Today was going to be the end of the world. Or so I heard. A friend told me when she was in Macchu Piccu the descendants of the Mayans there were planning on throwing a huge party today. That this wasn’t the end as in we’re all goners, but an end as in a time for cleansing and letting go. Many were going to burn most or all of their possessions in enormous bonfires, and somehow I loved hearing that. I thought of it as I loaded Christmas gifts into my car, adding to the Stuff in the lives of those I love. Part of me wanted to take it all back to the store.

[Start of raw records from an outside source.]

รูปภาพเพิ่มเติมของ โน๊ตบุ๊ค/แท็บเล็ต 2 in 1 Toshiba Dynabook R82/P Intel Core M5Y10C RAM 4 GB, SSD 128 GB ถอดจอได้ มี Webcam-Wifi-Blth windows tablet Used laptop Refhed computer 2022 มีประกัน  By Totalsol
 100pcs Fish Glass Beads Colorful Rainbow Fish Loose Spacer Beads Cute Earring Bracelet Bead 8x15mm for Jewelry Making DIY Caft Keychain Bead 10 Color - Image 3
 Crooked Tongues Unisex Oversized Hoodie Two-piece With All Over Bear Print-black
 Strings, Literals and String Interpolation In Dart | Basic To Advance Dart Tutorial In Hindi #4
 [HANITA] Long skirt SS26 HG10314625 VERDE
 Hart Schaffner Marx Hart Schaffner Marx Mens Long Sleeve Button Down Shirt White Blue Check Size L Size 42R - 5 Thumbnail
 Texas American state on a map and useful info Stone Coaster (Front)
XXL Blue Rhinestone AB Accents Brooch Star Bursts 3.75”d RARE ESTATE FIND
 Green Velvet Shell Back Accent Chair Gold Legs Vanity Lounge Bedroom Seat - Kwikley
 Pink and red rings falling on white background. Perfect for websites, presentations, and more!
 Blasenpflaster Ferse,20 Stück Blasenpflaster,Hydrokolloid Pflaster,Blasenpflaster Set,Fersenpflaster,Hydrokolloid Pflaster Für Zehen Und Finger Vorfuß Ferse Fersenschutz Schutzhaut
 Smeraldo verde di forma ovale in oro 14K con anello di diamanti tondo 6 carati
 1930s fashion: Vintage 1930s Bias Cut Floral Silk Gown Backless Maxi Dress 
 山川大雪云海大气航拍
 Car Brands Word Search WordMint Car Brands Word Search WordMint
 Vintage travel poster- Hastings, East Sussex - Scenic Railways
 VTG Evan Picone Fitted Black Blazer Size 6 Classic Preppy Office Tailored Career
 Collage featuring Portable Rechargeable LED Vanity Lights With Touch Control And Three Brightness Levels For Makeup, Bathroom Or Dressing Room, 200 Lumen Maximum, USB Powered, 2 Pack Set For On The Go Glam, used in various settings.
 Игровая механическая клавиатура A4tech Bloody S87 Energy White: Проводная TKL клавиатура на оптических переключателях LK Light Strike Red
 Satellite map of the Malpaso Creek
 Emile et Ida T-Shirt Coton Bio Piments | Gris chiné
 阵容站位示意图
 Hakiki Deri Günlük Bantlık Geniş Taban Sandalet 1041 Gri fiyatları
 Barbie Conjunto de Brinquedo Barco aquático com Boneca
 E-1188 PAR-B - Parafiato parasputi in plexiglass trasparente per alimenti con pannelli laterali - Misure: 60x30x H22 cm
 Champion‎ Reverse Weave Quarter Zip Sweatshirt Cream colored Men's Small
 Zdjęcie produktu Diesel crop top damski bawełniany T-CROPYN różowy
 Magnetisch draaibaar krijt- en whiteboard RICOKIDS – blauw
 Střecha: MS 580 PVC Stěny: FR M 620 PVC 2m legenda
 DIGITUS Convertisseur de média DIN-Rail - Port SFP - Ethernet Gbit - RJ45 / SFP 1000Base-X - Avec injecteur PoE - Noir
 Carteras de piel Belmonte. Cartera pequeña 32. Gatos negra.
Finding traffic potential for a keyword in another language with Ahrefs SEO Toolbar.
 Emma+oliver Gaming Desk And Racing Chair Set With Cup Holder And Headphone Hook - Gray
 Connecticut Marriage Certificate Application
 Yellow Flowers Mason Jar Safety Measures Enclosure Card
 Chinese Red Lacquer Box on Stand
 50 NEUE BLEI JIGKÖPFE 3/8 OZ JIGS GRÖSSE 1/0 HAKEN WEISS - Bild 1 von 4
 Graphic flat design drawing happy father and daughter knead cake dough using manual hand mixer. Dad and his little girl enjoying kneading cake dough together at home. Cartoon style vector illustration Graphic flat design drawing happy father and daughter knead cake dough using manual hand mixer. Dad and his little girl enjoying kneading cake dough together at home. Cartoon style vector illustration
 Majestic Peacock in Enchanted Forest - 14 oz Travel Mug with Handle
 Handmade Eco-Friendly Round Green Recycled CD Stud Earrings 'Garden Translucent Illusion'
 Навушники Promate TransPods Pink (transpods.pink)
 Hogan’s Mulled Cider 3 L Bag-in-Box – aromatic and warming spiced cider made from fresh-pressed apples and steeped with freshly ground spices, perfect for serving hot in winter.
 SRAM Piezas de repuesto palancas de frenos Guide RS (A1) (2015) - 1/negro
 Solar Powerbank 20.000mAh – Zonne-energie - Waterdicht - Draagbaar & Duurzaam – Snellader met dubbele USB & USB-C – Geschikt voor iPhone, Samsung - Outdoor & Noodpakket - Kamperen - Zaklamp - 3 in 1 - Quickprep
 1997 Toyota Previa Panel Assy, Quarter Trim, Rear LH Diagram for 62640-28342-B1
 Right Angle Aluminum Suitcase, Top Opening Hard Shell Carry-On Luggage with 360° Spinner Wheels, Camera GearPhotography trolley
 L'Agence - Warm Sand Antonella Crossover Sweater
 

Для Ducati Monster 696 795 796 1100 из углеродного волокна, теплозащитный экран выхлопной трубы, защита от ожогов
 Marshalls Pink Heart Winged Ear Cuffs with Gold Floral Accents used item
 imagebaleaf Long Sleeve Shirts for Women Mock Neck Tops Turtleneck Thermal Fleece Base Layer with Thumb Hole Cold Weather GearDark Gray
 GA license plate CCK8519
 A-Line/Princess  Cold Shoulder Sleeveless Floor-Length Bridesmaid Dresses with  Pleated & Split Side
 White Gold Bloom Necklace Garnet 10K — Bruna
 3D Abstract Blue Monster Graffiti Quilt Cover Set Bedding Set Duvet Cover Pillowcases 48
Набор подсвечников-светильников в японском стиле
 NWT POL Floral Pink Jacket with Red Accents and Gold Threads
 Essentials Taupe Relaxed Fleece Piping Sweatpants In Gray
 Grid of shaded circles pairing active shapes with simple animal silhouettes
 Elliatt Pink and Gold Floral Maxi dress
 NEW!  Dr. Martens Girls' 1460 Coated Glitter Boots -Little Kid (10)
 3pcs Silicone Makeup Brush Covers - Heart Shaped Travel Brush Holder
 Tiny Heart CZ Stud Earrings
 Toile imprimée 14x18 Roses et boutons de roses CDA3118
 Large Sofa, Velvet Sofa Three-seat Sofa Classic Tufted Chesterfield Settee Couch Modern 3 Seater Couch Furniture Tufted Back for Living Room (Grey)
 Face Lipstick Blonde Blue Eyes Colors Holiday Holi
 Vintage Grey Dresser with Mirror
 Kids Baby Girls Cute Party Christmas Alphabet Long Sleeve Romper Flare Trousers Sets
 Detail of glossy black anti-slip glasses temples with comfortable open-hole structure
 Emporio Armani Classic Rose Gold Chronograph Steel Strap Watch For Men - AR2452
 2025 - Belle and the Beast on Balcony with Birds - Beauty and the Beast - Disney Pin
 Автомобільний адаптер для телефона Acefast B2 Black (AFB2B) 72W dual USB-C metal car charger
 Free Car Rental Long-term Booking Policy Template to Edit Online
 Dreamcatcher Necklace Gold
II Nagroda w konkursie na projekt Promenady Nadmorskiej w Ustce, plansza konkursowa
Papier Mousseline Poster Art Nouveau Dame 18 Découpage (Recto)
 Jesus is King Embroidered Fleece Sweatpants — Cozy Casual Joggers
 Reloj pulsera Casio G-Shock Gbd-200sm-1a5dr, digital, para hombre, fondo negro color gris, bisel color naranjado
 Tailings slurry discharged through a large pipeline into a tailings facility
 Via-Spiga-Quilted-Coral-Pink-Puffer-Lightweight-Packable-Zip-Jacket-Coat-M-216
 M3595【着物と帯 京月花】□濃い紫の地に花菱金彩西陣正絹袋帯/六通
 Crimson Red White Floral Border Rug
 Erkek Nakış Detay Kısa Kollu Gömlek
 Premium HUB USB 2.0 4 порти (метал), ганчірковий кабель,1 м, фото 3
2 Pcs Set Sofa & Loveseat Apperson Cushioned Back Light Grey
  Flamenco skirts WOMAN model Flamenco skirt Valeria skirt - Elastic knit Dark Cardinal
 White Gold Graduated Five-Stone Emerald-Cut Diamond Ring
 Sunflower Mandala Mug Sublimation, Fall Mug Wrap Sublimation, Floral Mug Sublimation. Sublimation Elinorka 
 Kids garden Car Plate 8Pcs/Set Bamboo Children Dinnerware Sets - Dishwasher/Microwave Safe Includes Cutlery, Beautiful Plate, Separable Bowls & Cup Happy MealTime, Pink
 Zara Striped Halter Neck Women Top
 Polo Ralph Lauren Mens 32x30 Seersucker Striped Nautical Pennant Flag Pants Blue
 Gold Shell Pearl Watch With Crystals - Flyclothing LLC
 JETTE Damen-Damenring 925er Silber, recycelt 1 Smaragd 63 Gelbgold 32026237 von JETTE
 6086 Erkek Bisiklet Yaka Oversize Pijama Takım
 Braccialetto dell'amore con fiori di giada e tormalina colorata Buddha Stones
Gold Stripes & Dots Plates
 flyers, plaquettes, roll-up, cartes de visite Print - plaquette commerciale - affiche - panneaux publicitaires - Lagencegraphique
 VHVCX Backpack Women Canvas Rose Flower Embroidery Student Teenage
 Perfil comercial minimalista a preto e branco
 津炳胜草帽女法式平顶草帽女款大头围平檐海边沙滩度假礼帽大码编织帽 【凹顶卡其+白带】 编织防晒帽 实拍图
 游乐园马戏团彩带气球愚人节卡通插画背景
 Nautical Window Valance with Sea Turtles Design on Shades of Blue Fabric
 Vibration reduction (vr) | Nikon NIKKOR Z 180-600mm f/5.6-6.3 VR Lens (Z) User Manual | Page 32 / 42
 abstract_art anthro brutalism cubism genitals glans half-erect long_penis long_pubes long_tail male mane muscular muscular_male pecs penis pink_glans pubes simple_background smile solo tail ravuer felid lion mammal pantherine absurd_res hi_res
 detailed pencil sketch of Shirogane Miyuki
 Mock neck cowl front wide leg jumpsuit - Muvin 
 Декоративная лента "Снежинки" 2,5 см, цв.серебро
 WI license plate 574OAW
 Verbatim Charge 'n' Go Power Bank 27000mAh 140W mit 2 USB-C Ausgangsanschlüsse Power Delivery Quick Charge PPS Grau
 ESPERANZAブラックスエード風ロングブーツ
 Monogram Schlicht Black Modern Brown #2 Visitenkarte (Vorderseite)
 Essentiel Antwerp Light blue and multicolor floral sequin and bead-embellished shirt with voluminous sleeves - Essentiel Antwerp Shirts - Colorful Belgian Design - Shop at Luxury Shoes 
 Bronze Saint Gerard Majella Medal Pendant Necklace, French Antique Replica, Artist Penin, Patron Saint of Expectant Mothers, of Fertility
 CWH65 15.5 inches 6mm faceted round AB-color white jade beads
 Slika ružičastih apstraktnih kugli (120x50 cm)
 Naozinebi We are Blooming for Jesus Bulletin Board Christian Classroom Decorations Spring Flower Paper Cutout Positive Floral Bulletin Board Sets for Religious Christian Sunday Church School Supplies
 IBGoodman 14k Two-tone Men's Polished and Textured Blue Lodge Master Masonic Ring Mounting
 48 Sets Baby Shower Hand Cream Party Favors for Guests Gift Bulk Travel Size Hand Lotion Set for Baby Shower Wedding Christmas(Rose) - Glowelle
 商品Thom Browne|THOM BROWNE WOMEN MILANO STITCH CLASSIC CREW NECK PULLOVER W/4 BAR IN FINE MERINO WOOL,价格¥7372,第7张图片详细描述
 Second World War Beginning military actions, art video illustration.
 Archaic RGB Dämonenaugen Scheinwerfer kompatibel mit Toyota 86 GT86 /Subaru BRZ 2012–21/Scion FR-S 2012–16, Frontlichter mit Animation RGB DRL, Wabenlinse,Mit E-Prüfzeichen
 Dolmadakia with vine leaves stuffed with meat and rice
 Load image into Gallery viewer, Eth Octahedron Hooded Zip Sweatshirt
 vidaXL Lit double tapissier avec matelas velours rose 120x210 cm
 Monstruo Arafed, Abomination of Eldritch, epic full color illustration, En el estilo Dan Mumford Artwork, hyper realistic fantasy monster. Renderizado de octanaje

The conversations I’ve heard have been more in line with that: this is a powerful time energetically–from now until Dec 24th the position of the earth is one that happens every 26, 000 years. That darkness is leaving and light is coming in (we’re on the opposite schedule of Game of Thrones it seems)–of course on the solstice that’s always the case but this is like solstice times 10 million from what I gather. It’s a time for meditation and for going within (Golden Bridge is doing events pretty much around the clock for the next few days). Like 12.12.12, this 12.21.12 isn’t going to happen again in our lifetime or for generations and generations to come. It seems like the era we’re ushering in holds the potential for the healing that the world needs. And it could have been the placebo effect, but I noticed that it was easier for me today to stay quiet and connected in myself, and I was actually moved to tears and overwhelming gratitude more than once by simple things like a text my husband sent me and an airplane making a brilliant pink trail in the sky at sunset.
As this year heads glides towards its own end, I am, of course, thinking about the next one. I haven’t made a list of things I want to do and results I’d like to get. I probably will; I do love a good vision. But today it occurred to me that I don’t want this year to be about the doing and the getting. I get so caught up in all there is to do. From cleaning up the house to trying to make the next thing happen in my career to reading about parenting to trying to have another baby to to to….it just goes on. I know I need more rest. Rest as in sleep, but rest as in mental down time too. I’ve always been an overdoer, and in checking in with my body lately, especially in terms of getting pregnant again, I know that’s the missing piece. And it’s not just about getting to bed earlier, though yes, I need to do that too. I believe it’s about mental quiet; that my internal environment is one of more peace, a slower pace, more presence and less planning. So I’m brewing on that as we head into 2013.
I wish you a peaceful beautiful end of this year. I’m glad we’re still in this world together.